Omitting all images, transcribe the entries word for word.

(Dataset entries)
------------------------

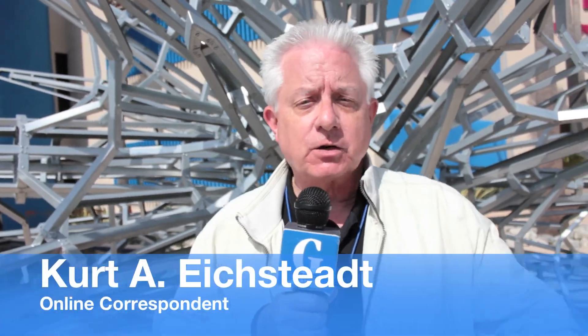The Pacific Island Ethnic Art Museum is open Wednesday through Sunday at 695 Alamitos Avenue. For everything that's going on in Long Beach, be sure to check out our website, gazettes.com. With online video producer Jesse Lopez, I'm Curt A. Eichstead reporting almost live for gazettes.com.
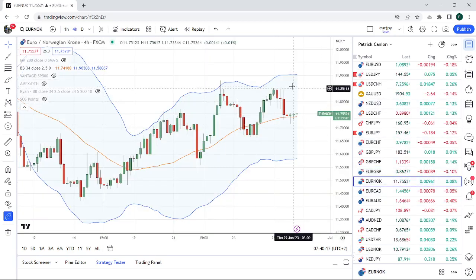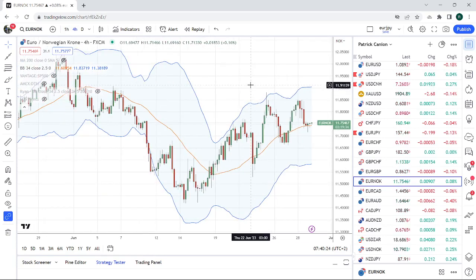Euro-Norway tends to move a lot on European rate news. So if this thing does come in weak, you could probably tap Euro-Norway on the left-hand side.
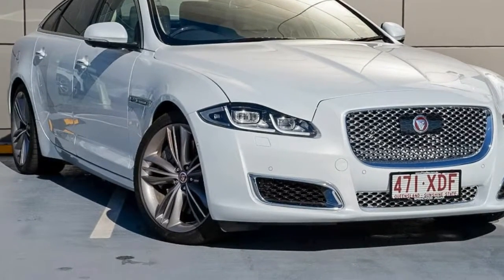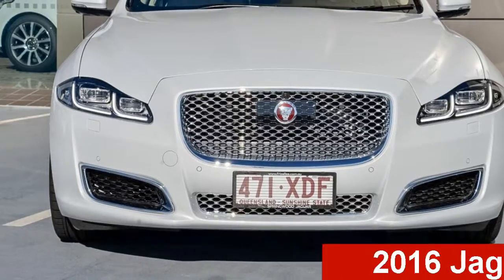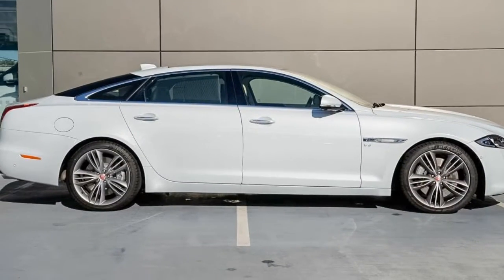Be the envy of your friends in this 2016 Jaguar XJ. This XJ has a reliable engine and a smooth shifting automatic transmission.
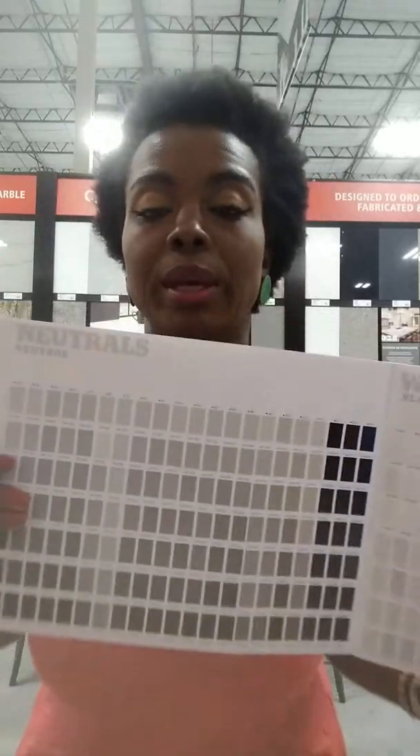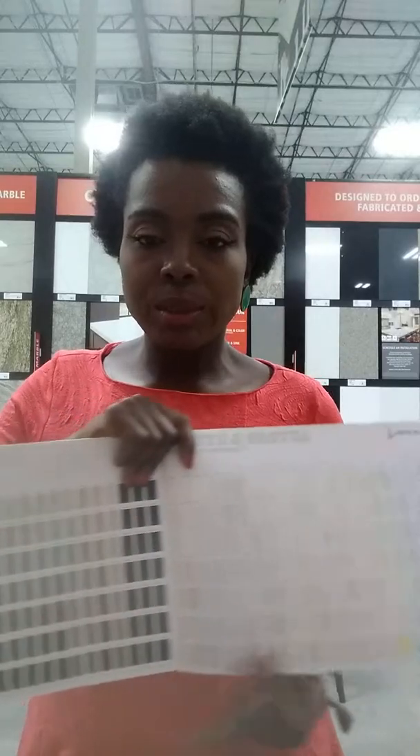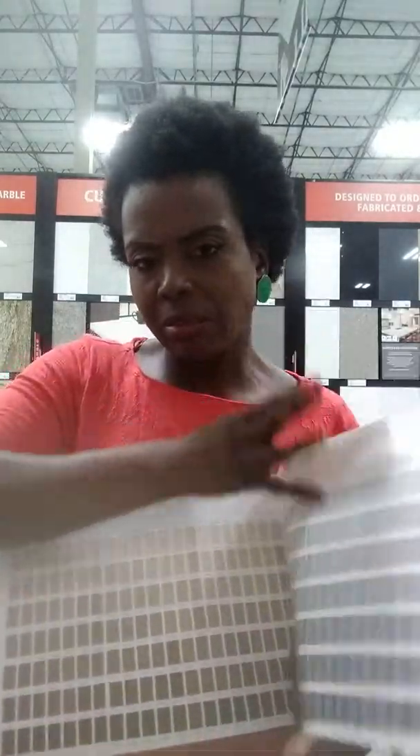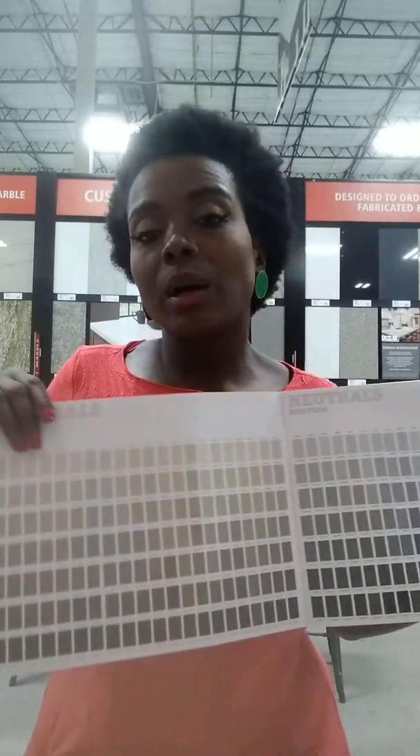I'm going to show you this Sherwin-Williams paint chip book. The point of showing you the paint chip is so you can see how the color is super light at the top and then becomes more and more saturated as it goes down. It's the same regardless of what hue you're talking about — they start out super cool and then get super warm.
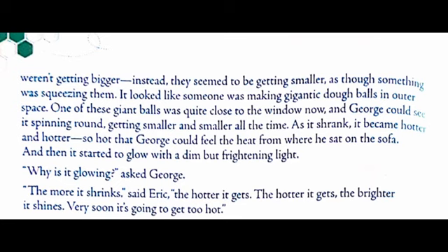One of these giant balls was quite close to the window now, and George could see it spinning round, getting smaller and smaller all the time. As it shrank, it became hotter and hotter — so hot that George could feel the heat from where he sat on the sofa. And then it started to glow with a dim but frightening light. 'Why is it glowing?' asked George. 'The more it shrinks,' said Eric, 'the hotter it gets. The hotter it gets, the brighter it shines.'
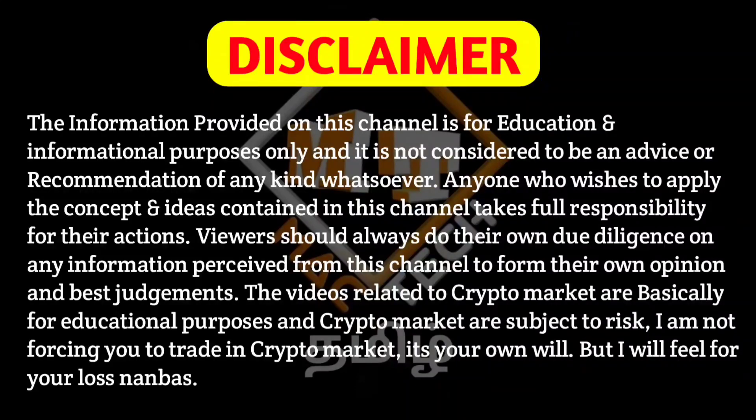My channel will tell you I am not a financial advisor. You will send people to your own analysis or research. I'm not a financial advisor — you are the risk, you take the risk.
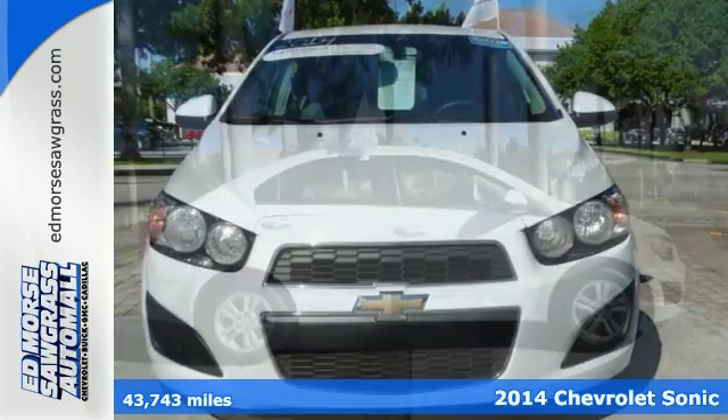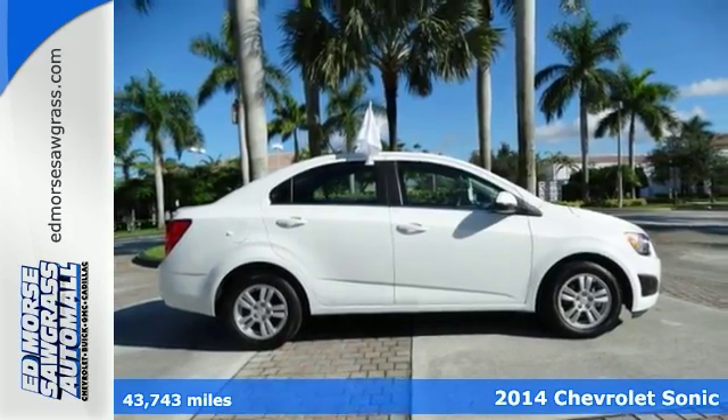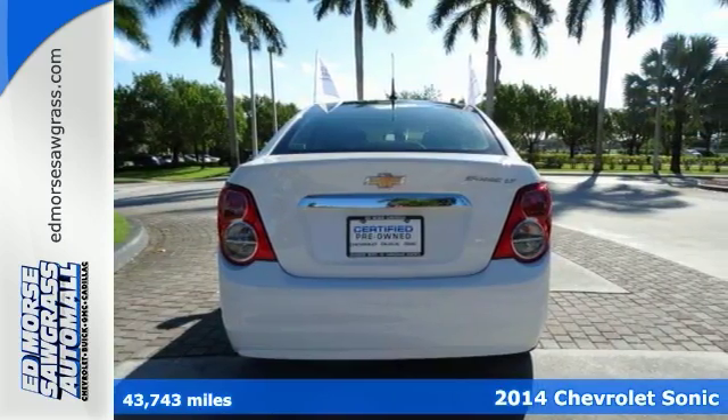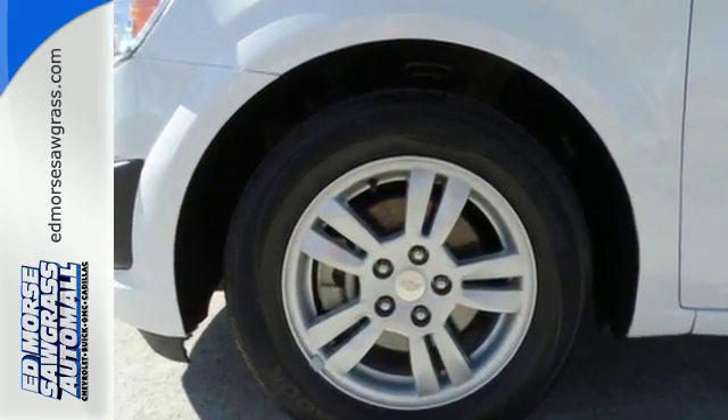It's a 2014 Chevrolet Sonic. Zip around the city or cruise the countryside in this versatile Sonic. Everything you need is at your fingertips, from the remote keyless entry to the steering wheel mounted controls. This Sonic is designed with you in mind.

------------------------

_Solution for this task_
The Pacific Island Ethnic Art Museum is open Wednesday through Sunday at 695 Alamitos Avenue. For everything that's going on in Long Beach, be sure to check out our website, gazettes.com. With online video producer Jesse Lopez, I'm Curt A. Eichstead reporting almost live for gazettes.com.
Euro-Norway tends to move a lot on European rate news. So if this thing does come in weak, you could probably tap Euro-Norway on the left-hand side.
Be the envy of your friends in this 2016 Jaguar XJ. This XJ has a reliable engine and a smooth shifting automatic transmission.
I'm going to show you this Sherwin-Williams paint chip book. The point of showing you the paint chip is so you can see how the color is super light at the top and then becomes more and more saturated as it goes down. It's the same regardless of what hue you're talking about — they start out super cool and then get super warm.
One of these giant balls was quite close to the window now, and George could see it spinning round, getting smaller and smaller all the time. As it shrank, it became hotter and hotter — so hot that George could feel the heat from where he sat on the sofa. And then it started to glow with a dim but frightening light. 'Why is it glowing?' asked George. 'The more it shrinks,' said Eric, 'the hotter it gets. The hotter it gets, the brighter it shines.'
My channel will tell you I am not a financial advisor. You will send people to your own analysis or research. I'm not a financial advisor — you are the risk, you take the risk.
It's a 2014 Chevrolet Sonic. Zip around the city or cruise the countryside in this versatile Sonic. Everything you need is at your fingertips, from the remote keyless entry to the steering wheel mounted controls. This Sonic is designed with you in mind.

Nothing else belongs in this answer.